Every line of the listing below from the one with "Heavy American High" up to and including the one with "New Zealand South" should be retyped exactly, and nothing else; pictures are not part of the copy.

• [The data]:
-- -- --

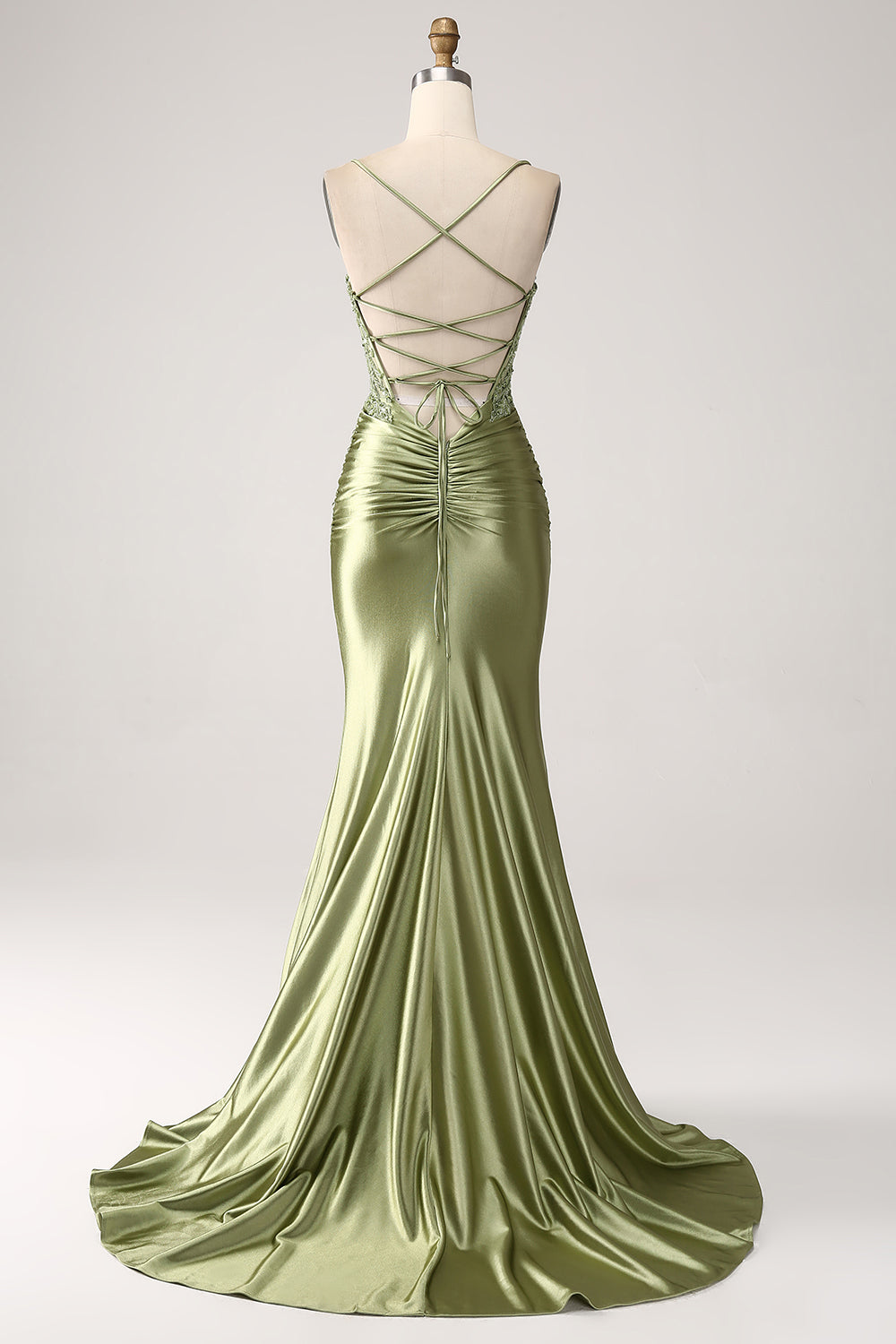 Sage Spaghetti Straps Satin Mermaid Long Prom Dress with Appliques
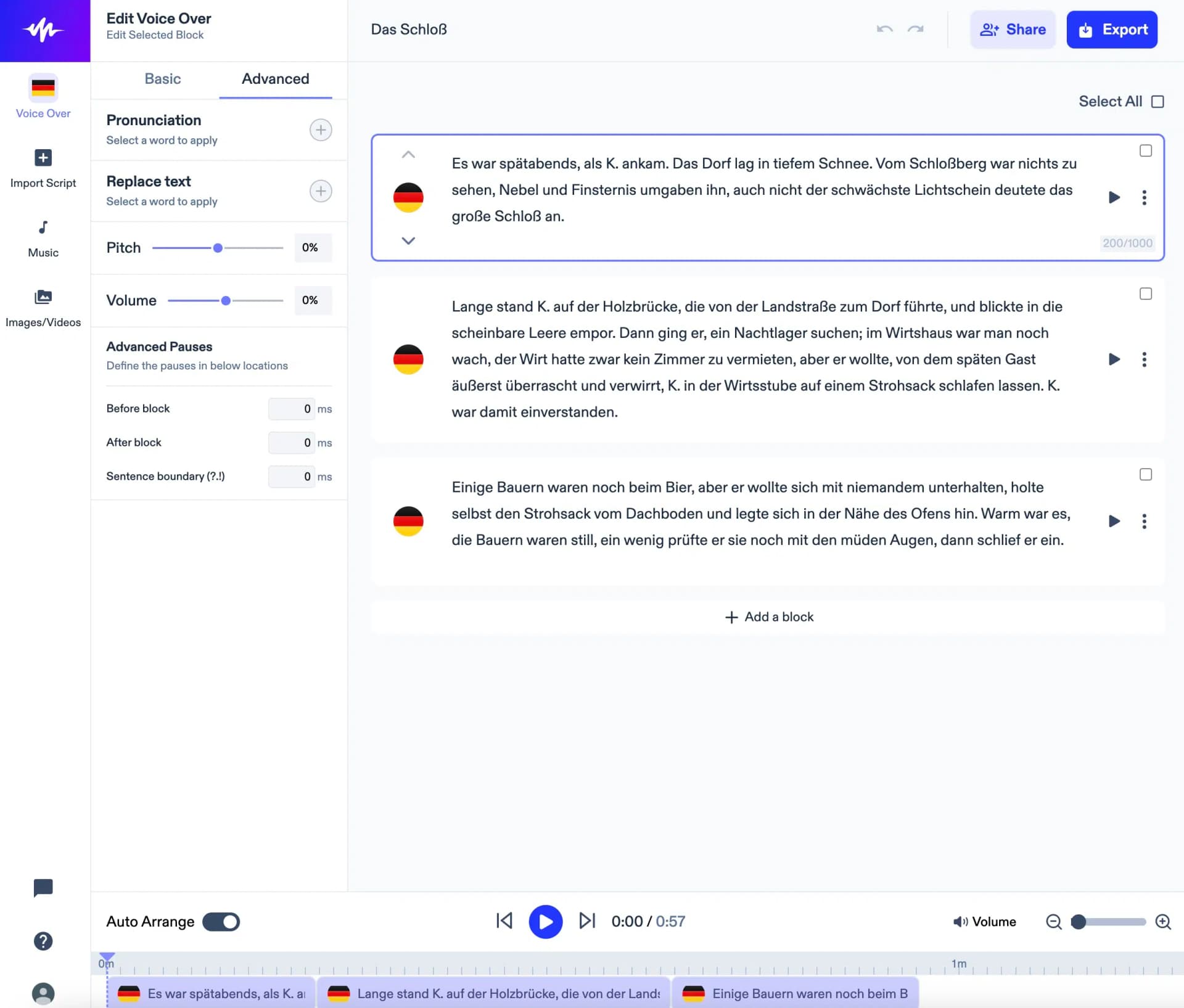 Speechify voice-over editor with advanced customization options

-- -- --

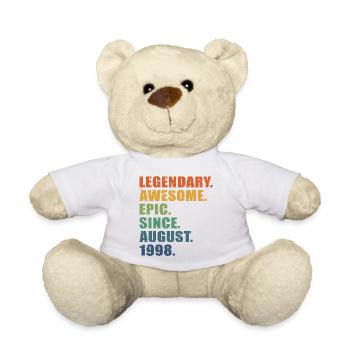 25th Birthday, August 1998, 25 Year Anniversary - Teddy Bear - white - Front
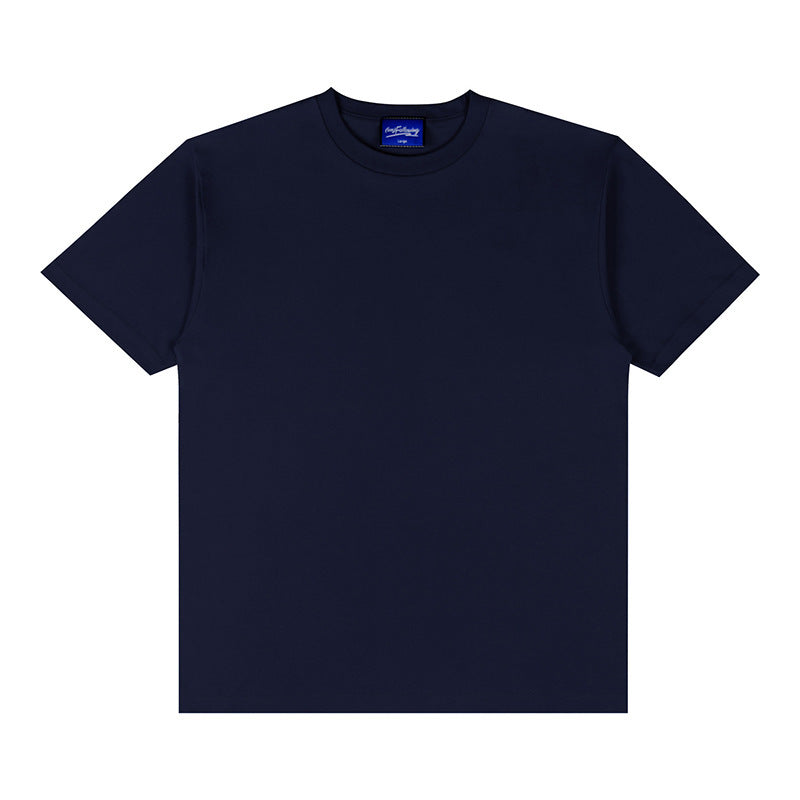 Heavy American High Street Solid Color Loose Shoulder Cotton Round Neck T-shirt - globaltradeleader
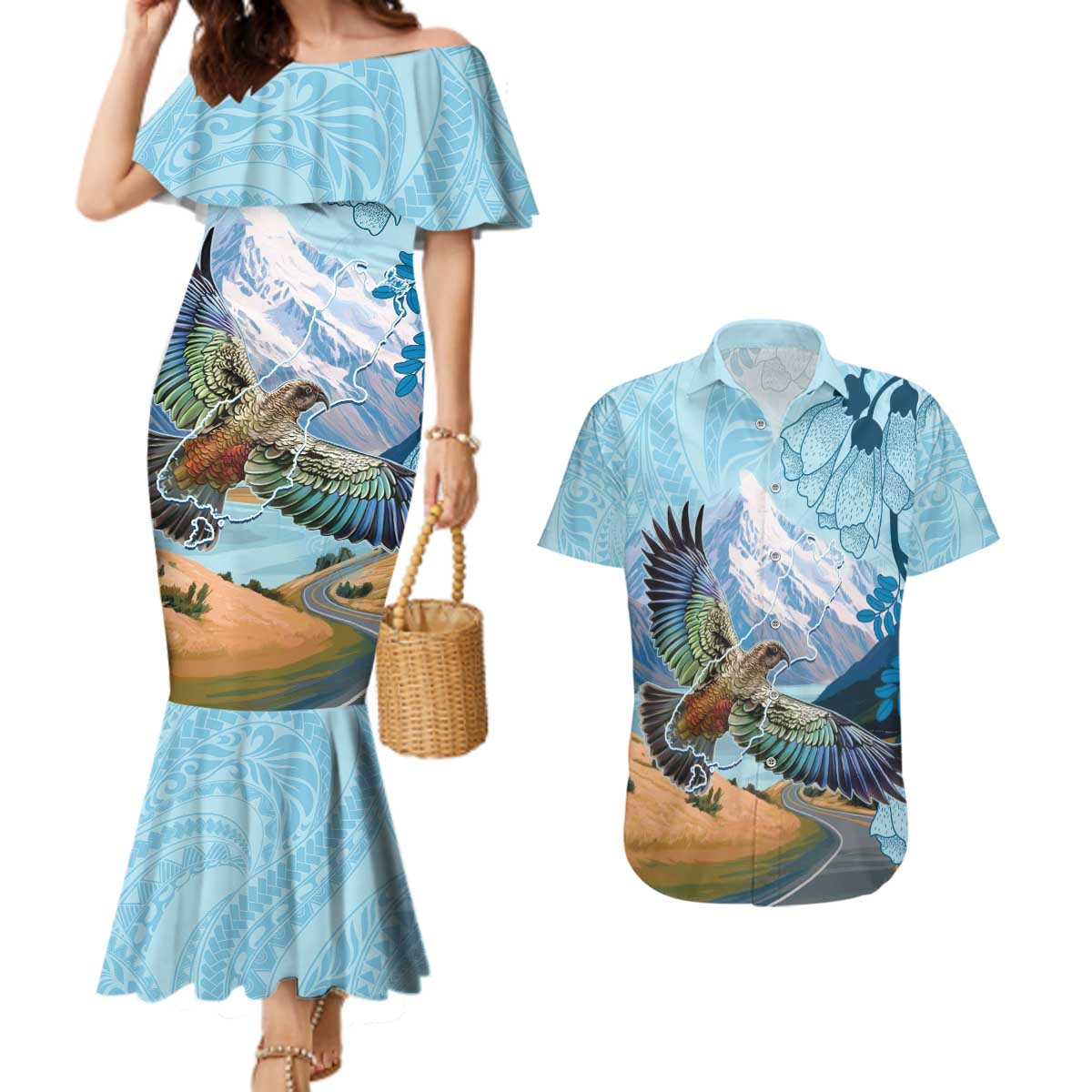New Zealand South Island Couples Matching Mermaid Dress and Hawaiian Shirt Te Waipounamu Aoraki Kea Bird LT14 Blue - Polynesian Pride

-- -- --

• [Task result]:
 Heavy American High Street Solid Color Loose Shoulder Cotton Round Neck T-shirt - globaltradeleader
New Zealand South Island Couples Matching Mermaid Dress and Hawaiian Shirt Te Waipounamu Aoraki Kea Bird LT14 Blue - Polynesian Pride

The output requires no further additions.